From the article that you posted I tried adding some several hundred capacitors between +12 and ground and +5v and ground but seems not being enough to fix the problem. I haven't had the time to add the 0.1uf capacitor near the engines (fans in my case) terminals, but I's the next thing that I will try tomorrow evening.

Again from the article, being the fans case made in plastic how am I supposed to connect the additional 2 caps?

I don't know what you're doing. It shouldn't take more than a few caps total.

I haven't looked at your code which could have timing problems of its own. Does it have delay() calls or other commands or loops that keep waiting until done?

What you want should not be a problem but I see you overdo things and no surprise to me it has bugs.

You need better help.

I think that there was a misunderstanding. For some serveral hundred caps, I meant that I tried some different caps sizes (on several hundred uf sizes range) but always only one at time for each +12v and +5v lines.

So far with two fans (1pwm and 1 3wire) the system was working. So I tried to add a third fan 3wire circuit to see if the system was stable. What was wrong with that? I'm just asking to understand what not to do the next time.

I didn't use any delay function in my code, apart from one 10ms delay when I turn on the 5v on a analog pin that goes to the 4 thermistors to read temps (and that it's turned off to don't overheat the thermistors), this every two seconds. Yes could be also a code bug, could be.

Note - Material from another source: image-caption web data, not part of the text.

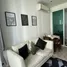 1 chambre Condominium à louer à , Bang Chak, Phra Khanong, Bangkok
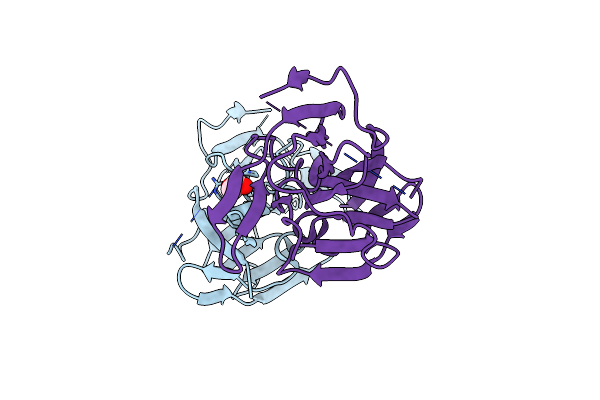 6UM3 image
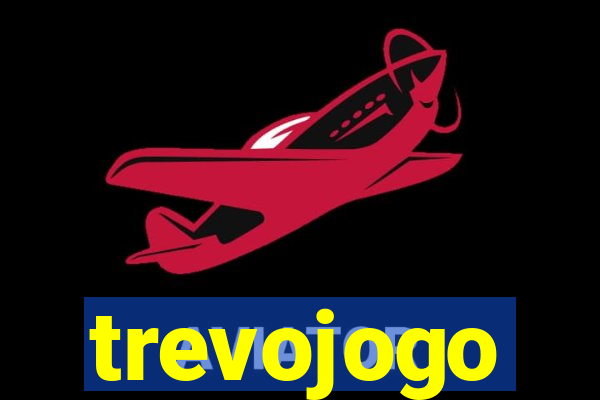 trevojogo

If you want to take a glance at the entire code this is the link to the repo. I haven't cleaned up completely the loop function but should be easy to read.

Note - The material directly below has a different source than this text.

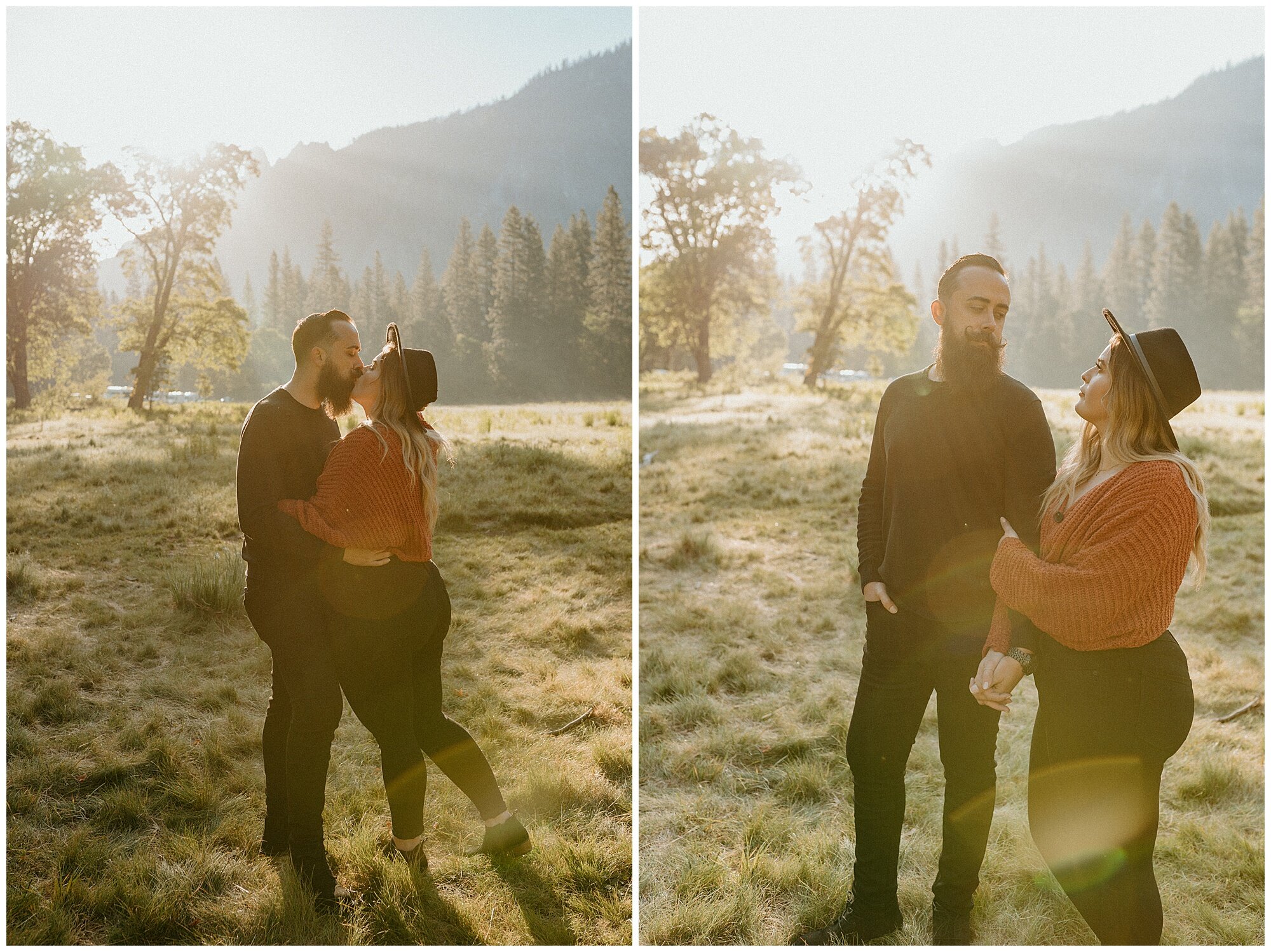 Jaqueline and Ronnie's Yosemite Engagement Session_0008.jpg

So in order to fix the problem and don't overdo things as you said. This eve I'll try just to connect things as your guide for reduce noise suggested and ? Debugging this kinda of stuff it's different from debugging software, what step do you suggest to do?

Thanks again

Get a hardware person to help. I can't get you farther.

I have been struggling with this same problem for a while. I have found that the hall sensor inside the 3 wire fans are normally powered by the input voltage of the fan. Since a 3 wire fan is not normally PWM controlled but controlled with a constant voltage which is raised or lowered to measure speed the hall sensor is always powered. If you run the fan with a PWM signal at 12v but changing duty cycle to change speed, the hall sensor is also being turned on and off at the same rate as the fan motor. This causes the tach square wave to float high when the PWM signal is low. You will need to implement pulse stretching, where every so many pulses of the PWM signal you need to hold it high for a longer period so the tach signal generated by the hall sensor can be read accurately.

this explains it better than me.

Thanks for your reply!
At this time I've abandoned the project but, thing was that when I was connecting just one three wire fun the readings worked cause I've kinda of smoothed the pwm function to a flat wave (to power up the hall sensor has you said), the problem was when I was adding more funs in the system the tacho reading starts to be broken, the aim was to control up to 4 funs.